Task brief: Below this sentence is a listing; return exactly its lines from the one with "However, we as" to the one with "And one more", both kept, and nothing more.

Records to process:
===
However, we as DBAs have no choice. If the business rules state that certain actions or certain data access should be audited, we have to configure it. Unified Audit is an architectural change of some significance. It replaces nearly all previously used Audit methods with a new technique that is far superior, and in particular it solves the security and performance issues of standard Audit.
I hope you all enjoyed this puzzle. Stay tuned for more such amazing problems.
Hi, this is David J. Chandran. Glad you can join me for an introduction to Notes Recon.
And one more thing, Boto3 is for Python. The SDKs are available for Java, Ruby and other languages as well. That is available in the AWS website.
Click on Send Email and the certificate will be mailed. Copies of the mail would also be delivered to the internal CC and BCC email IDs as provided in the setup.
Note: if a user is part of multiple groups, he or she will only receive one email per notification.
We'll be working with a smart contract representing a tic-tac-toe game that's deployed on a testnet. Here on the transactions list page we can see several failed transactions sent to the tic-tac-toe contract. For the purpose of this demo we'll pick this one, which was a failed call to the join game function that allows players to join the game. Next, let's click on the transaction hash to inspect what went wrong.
===
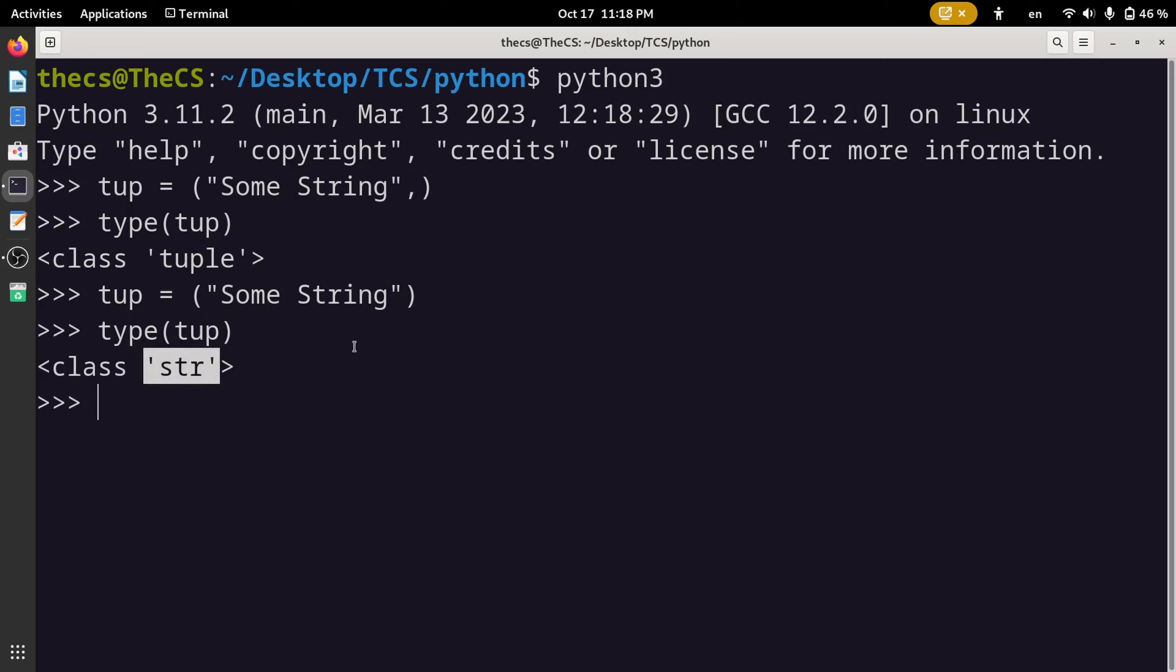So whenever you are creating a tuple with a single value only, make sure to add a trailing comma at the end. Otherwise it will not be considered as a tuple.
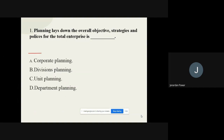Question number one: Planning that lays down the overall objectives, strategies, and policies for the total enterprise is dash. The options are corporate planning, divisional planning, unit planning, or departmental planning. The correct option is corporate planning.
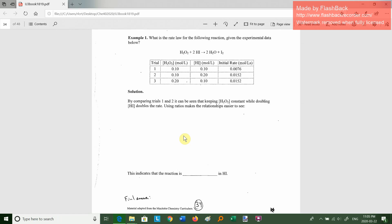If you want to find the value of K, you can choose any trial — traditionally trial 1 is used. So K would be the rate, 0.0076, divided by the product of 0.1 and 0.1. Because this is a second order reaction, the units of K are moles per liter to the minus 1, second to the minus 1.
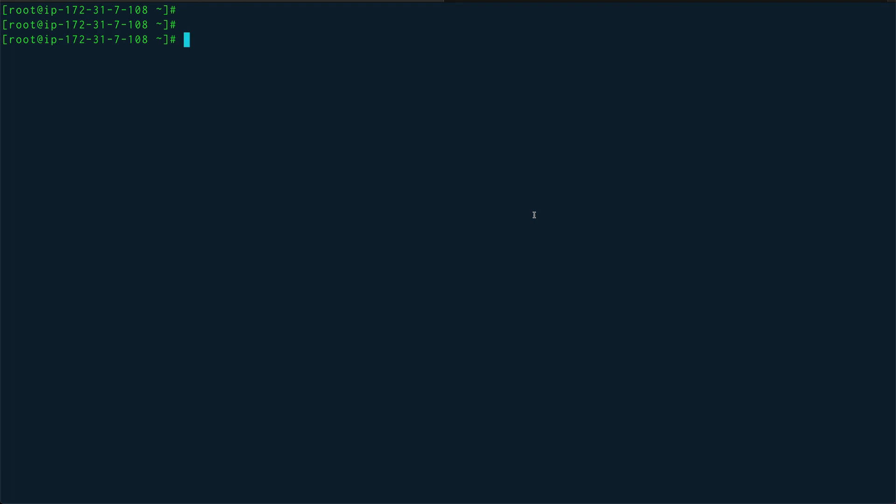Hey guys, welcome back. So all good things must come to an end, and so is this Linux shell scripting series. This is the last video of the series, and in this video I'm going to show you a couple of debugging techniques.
===
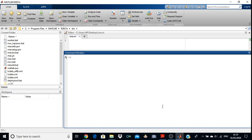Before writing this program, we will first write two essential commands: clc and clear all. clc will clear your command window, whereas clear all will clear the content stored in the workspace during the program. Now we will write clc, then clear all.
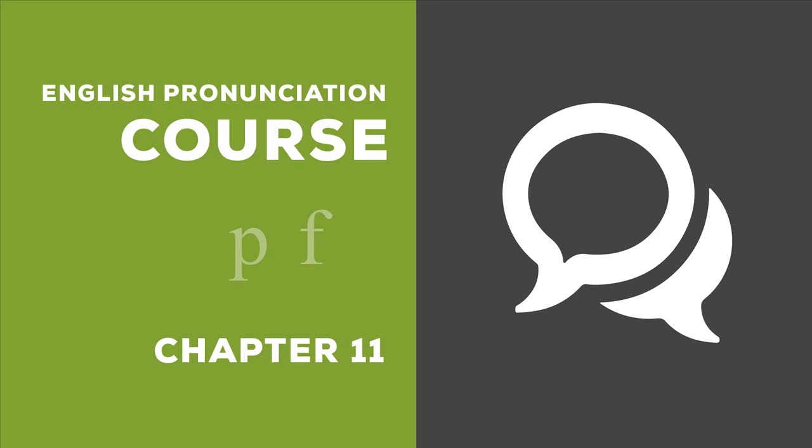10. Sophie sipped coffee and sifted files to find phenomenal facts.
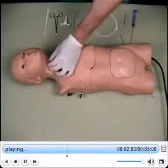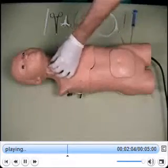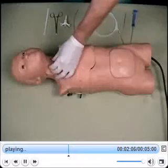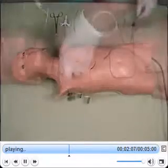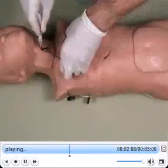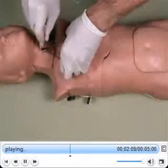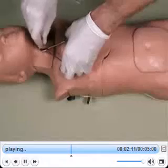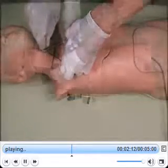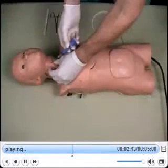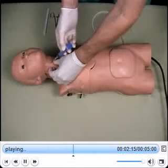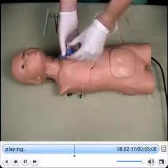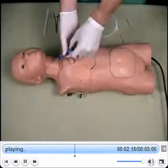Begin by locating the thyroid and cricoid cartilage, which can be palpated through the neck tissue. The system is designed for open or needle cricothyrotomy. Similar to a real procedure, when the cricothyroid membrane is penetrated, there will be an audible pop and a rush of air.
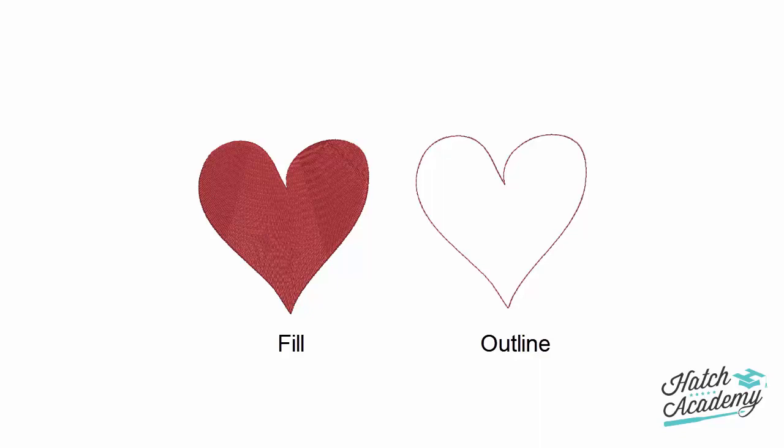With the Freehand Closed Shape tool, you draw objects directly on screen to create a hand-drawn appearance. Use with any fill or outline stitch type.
===
Problem solution:
However, we as DBAs have no choice. If the business rules state that certain actions or certain data access should be audited, we have to configure it. Unified Audit is an architectural change of some significance. It replaces nearly all previously used Audit methods with a new technique that is far superior, and in particular it solves the security and performance issues of standard Audit.
I hope you all enjoyed this puzzle. Stay tuned for more such amazing problems.
Hi, this is David J. Chandran. Glad you can join me for an introduction to Notes Recon.
And one more thing, Boto3 is for Python. The SDKs are available for Java, Ruby and other languages as well. That is available in the AWS website.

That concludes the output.